(Records from a data collection)
+ + +

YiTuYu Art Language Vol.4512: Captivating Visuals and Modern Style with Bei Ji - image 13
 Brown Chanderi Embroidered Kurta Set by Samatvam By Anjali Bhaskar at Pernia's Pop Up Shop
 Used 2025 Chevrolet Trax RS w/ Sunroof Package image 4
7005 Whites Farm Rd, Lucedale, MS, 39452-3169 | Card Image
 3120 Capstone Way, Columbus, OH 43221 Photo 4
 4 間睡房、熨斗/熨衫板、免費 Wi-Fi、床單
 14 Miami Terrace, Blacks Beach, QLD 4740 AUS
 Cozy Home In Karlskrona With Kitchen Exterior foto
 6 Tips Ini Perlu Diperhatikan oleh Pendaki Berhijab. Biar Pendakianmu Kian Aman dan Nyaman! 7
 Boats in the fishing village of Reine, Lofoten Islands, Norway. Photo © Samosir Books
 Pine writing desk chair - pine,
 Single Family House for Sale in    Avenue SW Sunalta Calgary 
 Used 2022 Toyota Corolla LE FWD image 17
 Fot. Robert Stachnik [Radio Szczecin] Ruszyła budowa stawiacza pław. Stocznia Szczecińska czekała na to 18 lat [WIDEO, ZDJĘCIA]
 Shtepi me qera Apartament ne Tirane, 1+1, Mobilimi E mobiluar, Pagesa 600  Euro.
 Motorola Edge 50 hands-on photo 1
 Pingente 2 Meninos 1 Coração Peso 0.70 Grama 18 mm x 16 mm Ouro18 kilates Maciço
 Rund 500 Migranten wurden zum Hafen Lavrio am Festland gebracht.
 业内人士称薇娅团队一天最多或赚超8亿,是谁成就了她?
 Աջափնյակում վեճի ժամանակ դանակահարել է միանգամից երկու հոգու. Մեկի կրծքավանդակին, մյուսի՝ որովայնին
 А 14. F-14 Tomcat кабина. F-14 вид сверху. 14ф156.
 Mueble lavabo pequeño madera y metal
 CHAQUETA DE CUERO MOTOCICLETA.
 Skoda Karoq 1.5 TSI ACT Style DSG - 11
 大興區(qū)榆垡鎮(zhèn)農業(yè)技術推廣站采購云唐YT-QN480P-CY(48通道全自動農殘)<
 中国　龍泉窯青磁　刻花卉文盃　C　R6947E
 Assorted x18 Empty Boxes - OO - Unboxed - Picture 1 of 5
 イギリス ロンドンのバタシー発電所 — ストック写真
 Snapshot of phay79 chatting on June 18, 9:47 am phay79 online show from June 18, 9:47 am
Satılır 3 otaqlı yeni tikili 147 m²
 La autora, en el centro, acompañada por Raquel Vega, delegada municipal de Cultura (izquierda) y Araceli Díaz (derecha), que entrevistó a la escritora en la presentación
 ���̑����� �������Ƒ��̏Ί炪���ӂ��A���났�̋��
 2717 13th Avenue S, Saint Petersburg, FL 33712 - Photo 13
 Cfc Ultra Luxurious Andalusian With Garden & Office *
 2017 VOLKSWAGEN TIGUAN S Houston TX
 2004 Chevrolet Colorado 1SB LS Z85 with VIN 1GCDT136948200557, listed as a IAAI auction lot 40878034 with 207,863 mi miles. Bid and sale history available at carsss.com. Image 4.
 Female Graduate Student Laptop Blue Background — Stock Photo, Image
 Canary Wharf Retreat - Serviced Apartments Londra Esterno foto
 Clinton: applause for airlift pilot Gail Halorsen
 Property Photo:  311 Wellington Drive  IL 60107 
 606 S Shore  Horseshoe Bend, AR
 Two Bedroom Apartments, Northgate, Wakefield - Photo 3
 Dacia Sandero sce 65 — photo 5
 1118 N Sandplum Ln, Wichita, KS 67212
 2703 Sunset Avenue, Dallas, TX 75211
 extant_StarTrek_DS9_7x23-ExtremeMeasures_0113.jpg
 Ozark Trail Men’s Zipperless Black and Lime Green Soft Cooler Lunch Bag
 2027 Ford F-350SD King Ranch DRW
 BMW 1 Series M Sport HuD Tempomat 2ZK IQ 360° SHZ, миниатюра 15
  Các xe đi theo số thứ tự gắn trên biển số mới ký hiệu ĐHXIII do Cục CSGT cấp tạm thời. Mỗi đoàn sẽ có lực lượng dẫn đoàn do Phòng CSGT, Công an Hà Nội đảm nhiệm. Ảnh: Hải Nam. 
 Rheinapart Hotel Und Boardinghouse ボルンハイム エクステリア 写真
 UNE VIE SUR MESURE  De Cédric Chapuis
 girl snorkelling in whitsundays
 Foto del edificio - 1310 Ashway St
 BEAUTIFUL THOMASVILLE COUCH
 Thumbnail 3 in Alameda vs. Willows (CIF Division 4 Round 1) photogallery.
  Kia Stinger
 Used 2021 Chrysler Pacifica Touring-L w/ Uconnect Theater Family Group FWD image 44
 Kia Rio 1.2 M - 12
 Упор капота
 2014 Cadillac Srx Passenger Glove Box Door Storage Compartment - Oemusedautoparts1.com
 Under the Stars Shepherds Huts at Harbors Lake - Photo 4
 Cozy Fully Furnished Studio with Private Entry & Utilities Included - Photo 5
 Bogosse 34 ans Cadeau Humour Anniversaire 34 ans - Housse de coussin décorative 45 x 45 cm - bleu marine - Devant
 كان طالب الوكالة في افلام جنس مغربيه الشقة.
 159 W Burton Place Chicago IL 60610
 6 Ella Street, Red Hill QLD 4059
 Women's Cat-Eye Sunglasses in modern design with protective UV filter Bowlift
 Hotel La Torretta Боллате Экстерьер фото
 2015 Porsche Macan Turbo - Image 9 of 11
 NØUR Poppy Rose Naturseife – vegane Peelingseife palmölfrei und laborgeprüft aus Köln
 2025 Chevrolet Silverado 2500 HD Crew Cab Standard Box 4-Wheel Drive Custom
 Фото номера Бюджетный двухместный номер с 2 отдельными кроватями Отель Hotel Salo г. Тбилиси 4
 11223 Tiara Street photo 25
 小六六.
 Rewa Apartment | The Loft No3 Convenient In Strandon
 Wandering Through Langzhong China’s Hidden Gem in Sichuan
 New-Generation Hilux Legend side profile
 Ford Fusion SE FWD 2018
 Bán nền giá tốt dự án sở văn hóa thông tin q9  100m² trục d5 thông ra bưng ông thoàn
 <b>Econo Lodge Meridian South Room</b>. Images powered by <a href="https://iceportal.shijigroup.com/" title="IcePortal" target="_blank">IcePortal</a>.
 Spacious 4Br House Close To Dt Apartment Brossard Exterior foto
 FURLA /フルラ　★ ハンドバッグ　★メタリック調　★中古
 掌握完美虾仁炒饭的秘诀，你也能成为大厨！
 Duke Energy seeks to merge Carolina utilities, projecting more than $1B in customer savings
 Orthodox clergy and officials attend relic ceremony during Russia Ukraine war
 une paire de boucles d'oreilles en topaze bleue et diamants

+ + +

*Directions*: Starting with the line that holds "Boats in the" and ending with the line that holds "Mueble lavabo pequeño madera y metal", retype every line in the data above exactly, and nothing else.

*Response area*:
 Boats in the fishing village of Reine, Lofoten Islands, Norway. Photo © Samosir Books
 Pine writing desk chair - pine,
 Single Family House for Sale in    Avenue SW Sunalta Calgary 
 Used 2022 Toyota Corolla LE FWD image 17
 Fot. Robert Stachnik [Radio Szczecin] Ruszyła budowa stawiacza pław. Stocznia Szczecińska czekała na to 18 lat [WIDEO, ZDJĘCIA]
 Shtepi me qera Apartament ne Tirane, 1+1, Mobilimi E mobiluar, Pagesa 600  Euro.
 Motorola Edge 50 hands-on photo 1
 Pingente 2 Meninos 1 Coração Peso 0.70 Grama 18 mm x 16 mm Ouro18 kilates Maciço
 Rund 500 Migranten wurden zum Hafen Lavrio am Festland gebracht.
 业内人士称薇娅团队一天最多或赚超8亿,是谁成就了她?
 Աջափնյակում վեճի ժամանակ դանակահարել է միանգամից երկու հոգու. Մեկի կրծքավանդակին, մյուսի՝ որովայնին
 А 14. F-14 Tomcat кабина. F-14 вид сверху. 14ф156.
 Mueble lavabo pequeño madera y metal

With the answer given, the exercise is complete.